3 med. red bell peppers
1 tsp. olive oil
1 large onion, diced
3 garlic cloves, minced
pinch crushed dried red pepper flakes
Salt and pepper to taste
1 (14.5 oz.) can diced tomatoes (fire roasted, if available), drained
1/2 tsp. dried thyme
1/2 tsp. sugar
1 cup low-fat, reduced-sodium chicken broth
1/2 cup 1% milk
3 tsp. commercially prepared pesto
3 Tbsp. fat-free sour cream


  1. To prepare the peppers, place them whole directly on gas burners set to high. Using tongs, blacken the peppers on all sides. Remove the peppers from the flame, and place in a bowl or Ziploc plastic bag. Cover the bowl with plastic wrap or zip up the bag. Set aside to cool. (For electric stoves and ovens, cut the peppers in half, and discard the seeds and membranes. Place the peppers on a foil-lined broiler pan, skin side up. Broil the peppers in the oven about 4 to 5 inches from the heat source, or until completely blackened. With tongs, remove the peppers and place in a bowl or Ziploc bag. Set aside.)
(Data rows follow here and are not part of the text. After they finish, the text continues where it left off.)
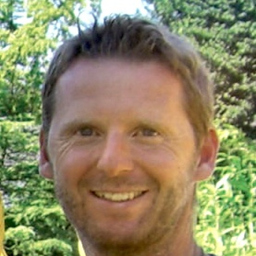 Helmut Zwanzleitner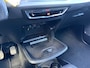 Citroën C4 SpaceTourer 1.2 PURETECH SHINE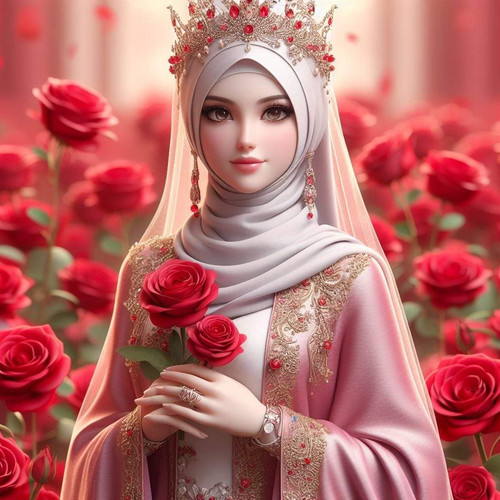 FB IMG 1703688512670.jpg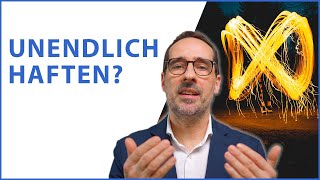 Grundschuld löschen genügt nicht Was sollten Sie tun wenn Sie den Kredit zurückbezahlt haben [upl. by Sualocin]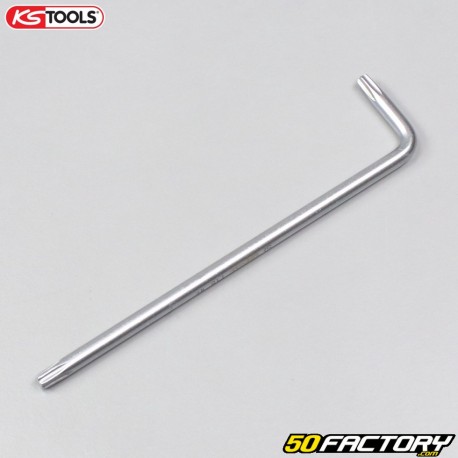 TXNUMX KsTools Torx Key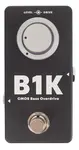 Darkglass MICROTUBES-B1K (rozbalené)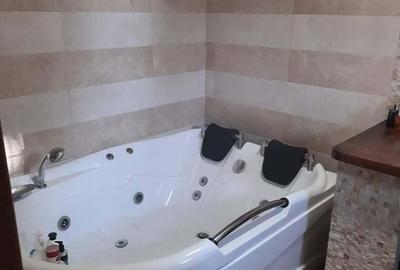 Casă cu 4 camere în Bucu - 4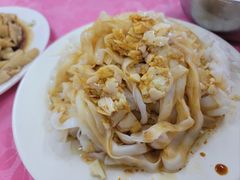 捞河粉-电白鸭粥店(下沙二坊88号店)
  2. Meanwhile, heat the oil over medium heat. Sauté the onion and garlic for 5 to 6 minutes. Add the crushed red pepper, and season with a little salt and pepper. Add the onion and garlic to a blender or food processor.
  3. Once peppers are cooled, peel them by removing the charred skin with your fingers. Cut open each pepper, and discard the seeds and membrane (if you have broiled the peppers as noted above, you will skip this). Tear the peppers into four pieces, and add to the onion and garlic. Process the mixture until smooth. Add in the canned tomatoes, but only pulse with the food processor or blender once or twice, just enough to puree the tomatoes a bit while leaving visible pieces of tomato.
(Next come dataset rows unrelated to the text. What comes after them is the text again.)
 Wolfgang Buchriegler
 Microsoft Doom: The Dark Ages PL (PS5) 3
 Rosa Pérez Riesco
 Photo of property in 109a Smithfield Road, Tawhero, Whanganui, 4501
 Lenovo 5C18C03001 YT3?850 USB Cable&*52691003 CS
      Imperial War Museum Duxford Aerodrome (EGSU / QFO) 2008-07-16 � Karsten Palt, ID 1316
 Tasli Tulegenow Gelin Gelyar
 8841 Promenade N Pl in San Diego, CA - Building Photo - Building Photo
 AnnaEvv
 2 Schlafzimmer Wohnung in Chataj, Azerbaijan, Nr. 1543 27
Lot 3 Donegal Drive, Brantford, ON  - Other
  4. Add the pepper-tomato puree to a saucepot. Add in the thyme and sugar and stir. Add in the chicken broth and bring to a slow boil. Lower the heat to medium low and simmer for 15 minutes.
  5. Add in the milk, and continue to simmer for 5 to 6 minutes. Season with salt and pepper.
  6. To serve, ladle the soup into individual bowls. Top with 1 tsp. of pesto per serving, and decorate with fat-free sour cream.